Saved entries:
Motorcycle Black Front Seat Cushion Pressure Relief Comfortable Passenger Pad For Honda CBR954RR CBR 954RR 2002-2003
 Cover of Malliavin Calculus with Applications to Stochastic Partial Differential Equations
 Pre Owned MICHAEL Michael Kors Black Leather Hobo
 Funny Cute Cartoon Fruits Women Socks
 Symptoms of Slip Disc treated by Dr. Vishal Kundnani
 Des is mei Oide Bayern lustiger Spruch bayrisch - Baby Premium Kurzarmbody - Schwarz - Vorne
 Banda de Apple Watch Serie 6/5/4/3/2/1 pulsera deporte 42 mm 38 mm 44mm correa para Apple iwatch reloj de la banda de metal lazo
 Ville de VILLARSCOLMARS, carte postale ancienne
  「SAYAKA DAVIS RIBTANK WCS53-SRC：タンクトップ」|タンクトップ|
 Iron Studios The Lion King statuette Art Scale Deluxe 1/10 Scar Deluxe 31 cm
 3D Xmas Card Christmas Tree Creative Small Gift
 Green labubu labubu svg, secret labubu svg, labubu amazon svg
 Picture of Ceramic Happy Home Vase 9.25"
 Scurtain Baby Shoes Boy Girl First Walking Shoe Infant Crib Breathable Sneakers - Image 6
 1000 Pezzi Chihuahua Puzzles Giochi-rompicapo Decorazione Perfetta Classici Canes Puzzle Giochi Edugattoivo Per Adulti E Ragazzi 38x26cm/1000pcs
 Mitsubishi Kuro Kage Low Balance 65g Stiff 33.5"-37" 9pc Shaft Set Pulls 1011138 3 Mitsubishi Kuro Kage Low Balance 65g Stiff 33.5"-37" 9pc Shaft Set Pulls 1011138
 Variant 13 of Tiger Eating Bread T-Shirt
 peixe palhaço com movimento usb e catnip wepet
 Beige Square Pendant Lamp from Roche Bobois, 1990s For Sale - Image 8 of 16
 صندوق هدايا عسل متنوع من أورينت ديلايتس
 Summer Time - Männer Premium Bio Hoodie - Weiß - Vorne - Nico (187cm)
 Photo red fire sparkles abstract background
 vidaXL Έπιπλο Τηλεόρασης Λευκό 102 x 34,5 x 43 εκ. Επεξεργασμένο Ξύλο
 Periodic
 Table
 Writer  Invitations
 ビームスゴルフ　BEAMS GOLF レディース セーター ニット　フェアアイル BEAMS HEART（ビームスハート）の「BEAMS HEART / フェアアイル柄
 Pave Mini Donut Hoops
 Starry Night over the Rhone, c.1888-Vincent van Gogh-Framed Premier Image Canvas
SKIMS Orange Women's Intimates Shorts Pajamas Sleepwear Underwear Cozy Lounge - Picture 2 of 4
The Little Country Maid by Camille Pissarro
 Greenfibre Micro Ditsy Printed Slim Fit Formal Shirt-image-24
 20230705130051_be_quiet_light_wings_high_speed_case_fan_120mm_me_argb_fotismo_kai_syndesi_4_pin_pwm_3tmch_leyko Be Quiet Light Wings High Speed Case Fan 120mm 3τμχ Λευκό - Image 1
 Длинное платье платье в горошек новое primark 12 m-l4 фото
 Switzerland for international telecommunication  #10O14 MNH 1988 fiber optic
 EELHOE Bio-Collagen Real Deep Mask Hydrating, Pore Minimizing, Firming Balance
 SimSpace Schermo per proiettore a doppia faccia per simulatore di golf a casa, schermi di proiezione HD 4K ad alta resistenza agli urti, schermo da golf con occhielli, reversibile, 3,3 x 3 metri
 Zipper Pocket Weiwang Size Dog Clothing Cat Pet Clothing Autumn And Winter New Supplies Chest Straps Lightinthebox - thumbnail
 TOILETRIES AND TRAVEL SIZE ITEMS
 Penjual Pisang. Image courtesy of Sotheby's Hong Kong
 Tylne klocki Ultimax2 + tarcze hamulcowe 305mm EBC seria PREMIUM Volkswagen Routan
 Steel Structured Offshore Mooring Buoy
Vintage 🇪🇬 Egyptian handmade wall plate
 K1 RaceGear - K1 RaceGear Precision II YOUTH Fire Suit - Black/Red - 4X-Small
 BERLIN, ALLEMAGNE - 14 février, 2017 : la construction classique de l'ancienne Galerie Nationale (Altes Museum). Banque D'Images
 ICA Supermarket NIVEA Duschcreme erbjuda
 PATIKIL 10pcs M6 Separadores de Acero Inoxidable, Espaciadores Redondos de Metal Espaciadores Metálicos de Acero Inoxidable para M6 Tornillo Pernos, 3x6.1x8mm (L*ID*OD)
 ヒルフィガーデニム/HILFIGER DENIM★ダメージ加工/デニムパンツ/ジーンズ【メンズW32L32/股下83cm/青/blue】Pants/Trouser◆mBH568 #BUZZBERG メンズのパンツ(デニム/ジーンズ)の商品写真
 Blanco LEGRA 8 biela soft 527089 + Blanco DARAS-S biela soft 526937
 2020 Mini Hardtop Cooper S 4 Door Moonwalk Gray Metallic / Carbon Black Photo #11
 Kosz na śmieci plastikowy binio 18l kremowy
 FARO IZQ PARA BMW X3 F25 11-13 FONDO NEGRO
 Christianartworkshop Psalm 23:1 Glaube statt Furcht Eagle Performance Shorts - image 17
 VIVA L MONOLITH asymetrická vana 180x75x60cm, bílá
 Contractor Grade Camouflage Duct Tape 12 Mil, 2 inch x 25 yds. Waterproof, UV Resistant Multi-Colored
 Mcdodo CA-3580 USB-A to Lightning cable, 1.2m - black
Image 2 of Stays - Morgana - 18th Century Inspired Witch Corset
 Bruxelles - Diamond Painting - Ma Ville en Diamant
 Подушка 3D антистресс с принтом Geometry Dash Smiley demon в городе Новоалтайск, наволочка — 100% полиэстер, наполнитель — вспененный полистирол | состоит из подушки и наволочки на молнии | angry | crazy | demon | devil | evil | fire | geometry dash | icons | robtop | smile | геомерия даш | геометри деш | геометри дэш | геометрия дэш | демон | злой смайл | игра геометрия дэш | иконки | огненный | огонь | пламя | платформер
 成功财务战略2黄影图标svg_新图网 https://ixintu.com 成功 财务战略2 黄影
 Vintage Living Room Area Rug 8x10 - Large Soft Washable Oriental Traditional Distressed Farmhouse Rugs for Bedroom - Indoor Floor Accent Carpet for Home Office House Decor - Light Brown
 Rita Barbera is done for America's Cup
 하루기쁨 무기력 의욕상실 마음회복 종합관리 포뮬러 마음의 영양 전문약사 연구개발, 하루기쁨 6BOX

▶ _Your objective_
Every line from the line containing "Длинное платье платье" through the line containing "EELHOE Bio-Collagen Real" in the records above must be retyped exactly. Leave out the rest.

▶ _Solution to this task_
 Длинное платье платье в горошек новое primark 12 m-l4 фото
 Switzerland for international telecommunication  #10O14 MNH 1988 fiber optic
 EELHOE Bio-Collagen Real Deep Mask Hydrating, Pore Minimizing, Firming Balance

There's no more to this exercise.